Recorded data =>

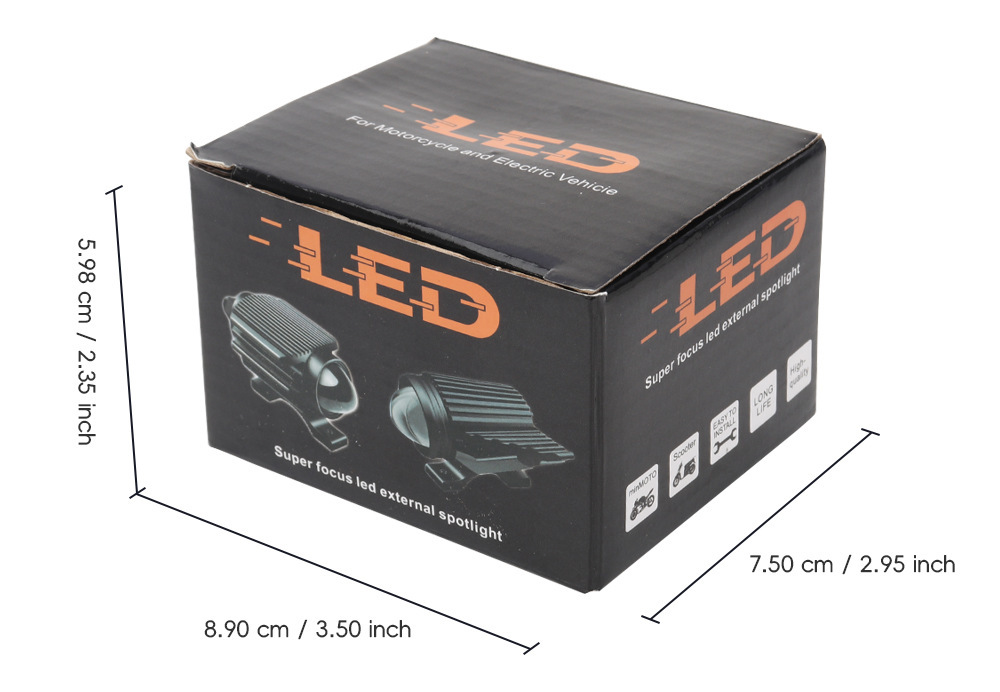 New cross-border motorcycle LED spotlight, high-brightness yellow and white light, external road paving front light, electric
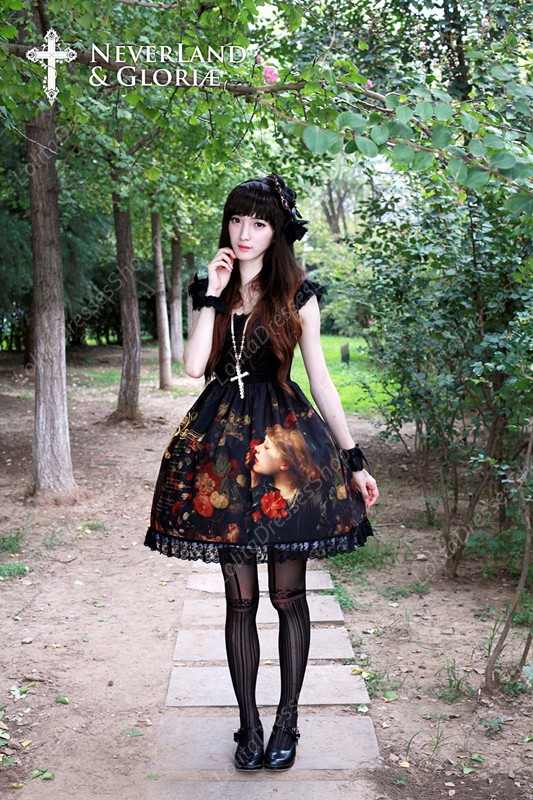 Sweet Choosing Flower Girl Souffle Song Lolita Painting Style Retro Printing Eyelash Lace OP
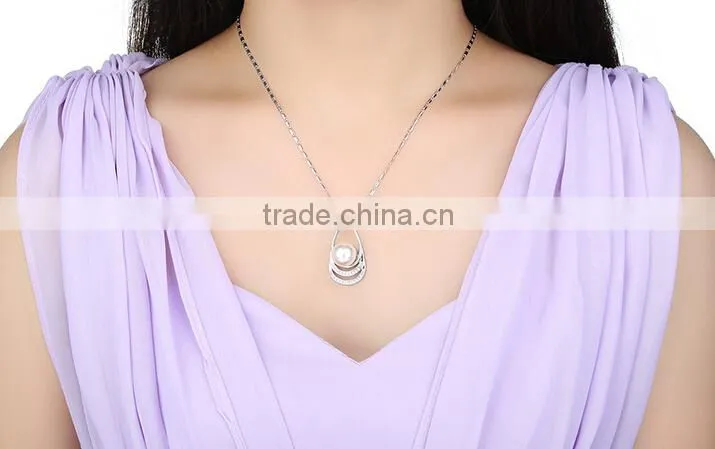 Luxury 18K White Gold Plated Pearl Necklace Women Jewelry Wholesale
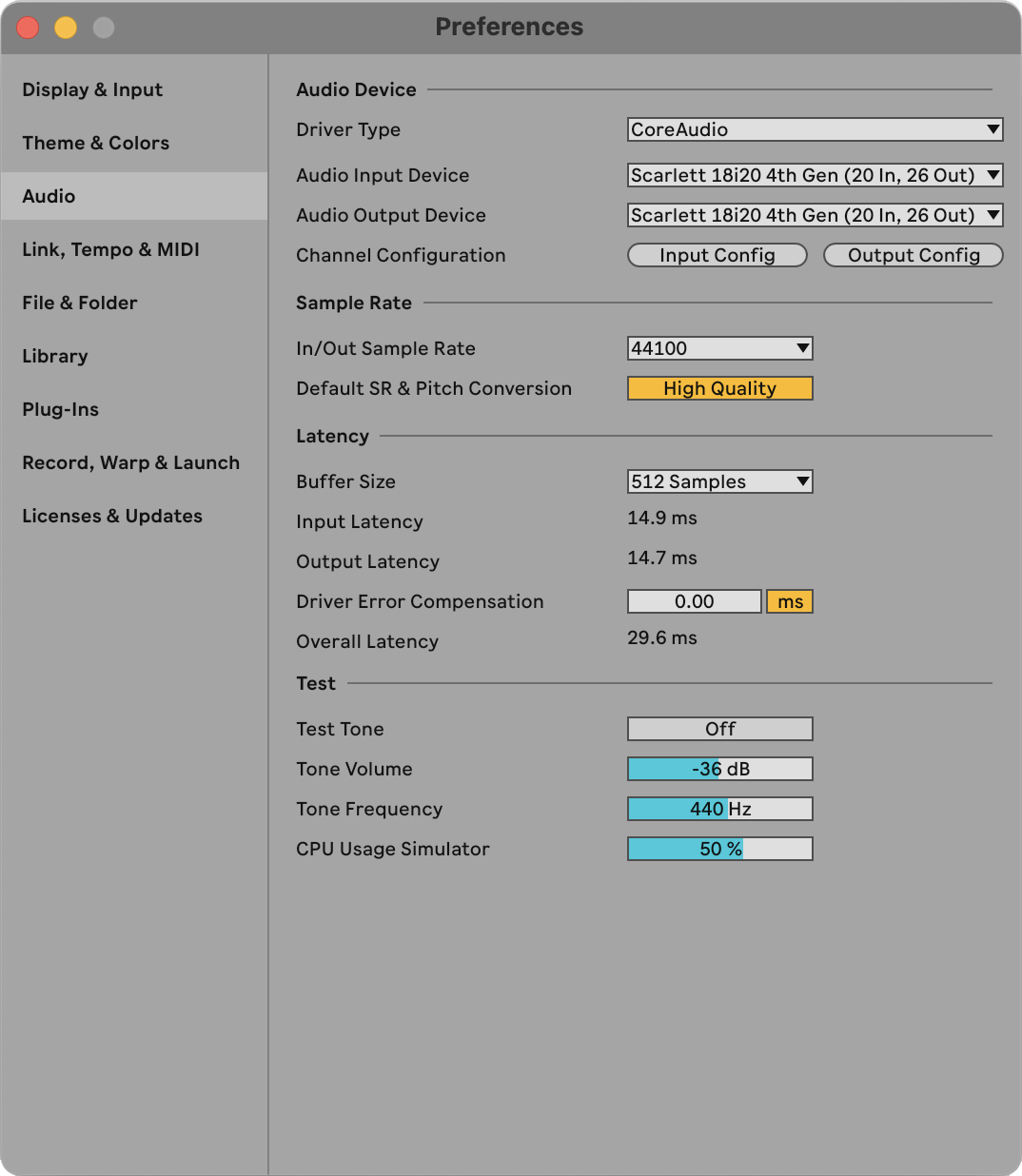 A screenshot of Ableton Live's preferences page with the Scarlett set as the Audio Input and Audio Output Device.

Exercise brief => The listing above is to be set down word for word, without its images.

Completed exercise =>
 New cross-border motorcycle LED spotlight, high-brightness yellow and white light, external road paving front light, electric
 Sweet Choosing Flower Girl Souffle Song Lolita Painting Style Retro Printing Eyelash Lace OP
 Luxury 18K White Gold Plated Pearl Necklace Women Jewelry Wholesale
 A screenshot of Ableton Live's preferences page with the Scarlett set as the Audio Input and Audio Output Device.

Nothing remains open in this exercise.